Tasked with saving schedule and budget, the team first evaluated constructability to determine the best value solution for the seismic resiliency enhancements. To address this, the team developed an exterior concrete shear wall solution that used interior permanent formwork, allowing interiors to be built immediately after concrete pour. “By doing this, we saved money on duplicative efforts that come from framing a form, removing, and then building a wall. It also reduced schedule time by eliminating steps had we done it the traditional way,” said Superintendent Shawn Cottrell.
While fortifying the exterior and equipping the building to withstand a big earthquake was a primary reason for the renovation, equally as important was the MEP upgrade. Constructed in the 1980s, the building could have used a complete MEP upgrade, but to keep the project within budget, the team identified a menu of scope options to present to the client. “We looked at all new electrical – including utility feeds and metering, lighting, complete new mechanical system, and extensive low voltage and security options. By working through those pricing components, the owner was able to prioritize scope based on its budget and most pressing need,” said Preconstruction Manager Rob Means. The project team also compared replacing lighting controls and light fixtures to salvaged and restored existing components. The owner made informed decisions about where to purchase new and where to salvage and re-use.
At the beginning of the MEP development process, the team noticed that the existing circuiting and electrical layout in the building did not match the as-builts, requiring a creative solution. Instead of rewiring the entire building, or using inaccurate information, we developed a complete circuiting as-built for the design team to use to develop the most cost-effective solution to meet the new layout. “During installation, we discovered duct board in the medium-pressure system that was unusable,” said Project Manager Cory McPherson. “We figured out how to include a complete replacement by developing a more efficient layout and design while meeting the original project schedule at half the original estimated cost.”
The MEP system was not the only place the team found creative ways to save the owner money.
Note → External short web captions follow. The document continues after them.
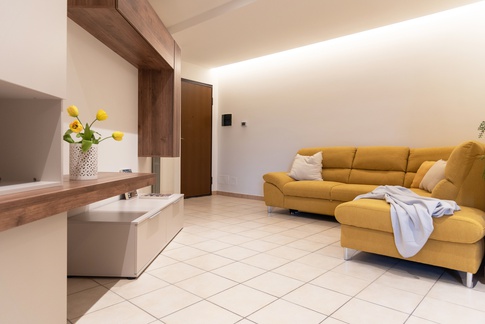 Open Space in stile contemporaneo di 35 di ValentinaZoccoArchitetto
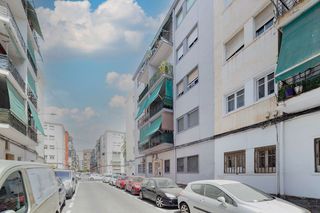 Pis  C/ profesores hermanos muñoz. Solvia inmobiliaria  piso alicantealacant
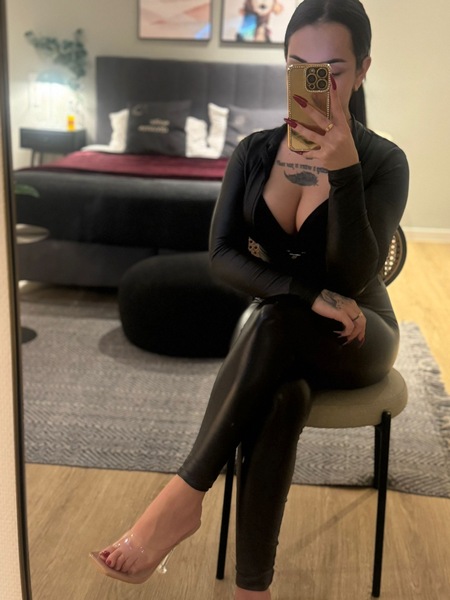 Foto von Hot Cobra auch privat besuchbar und Haus/Hotelbesuche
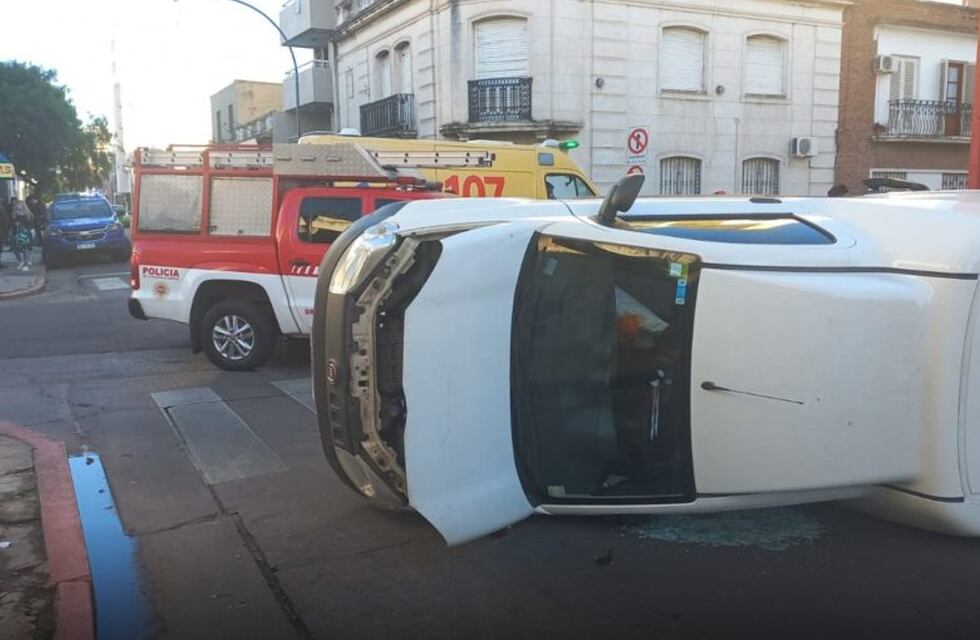 Pudo ser tragedia en Córdoba: salvó su vida en espectacular accidente de tránsito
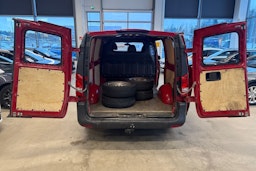 punainen Mercedes-Benz Vito 2017 kuva 28.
During preconstruction services, the electrical engineer indicated that we needed to relocate an existing transformer due to its proximity to required excavation. Knowing this was an original transformer, we researched the details of such a move and found out that the original switchgear that the transformer serviced no longer met code and would have to be replaced and relocated from the basement to the first floor—along with all the conductors to the transformer—a significant, budget- busting scope in a building that was continuously occupied during renovation. Instead, we found an alternative solution to protect the transformer and avoided replacing the switchgear. We worked with the shoring trade partner to add a shoring wall which allowed the transformer to maintain its original location and saved the project nearly a million dollars.
From budget- and schedule-saving solutions to resolving constructability issues, it was the relationship with our trade partners in the field and collaboration with the owner that translated to project success.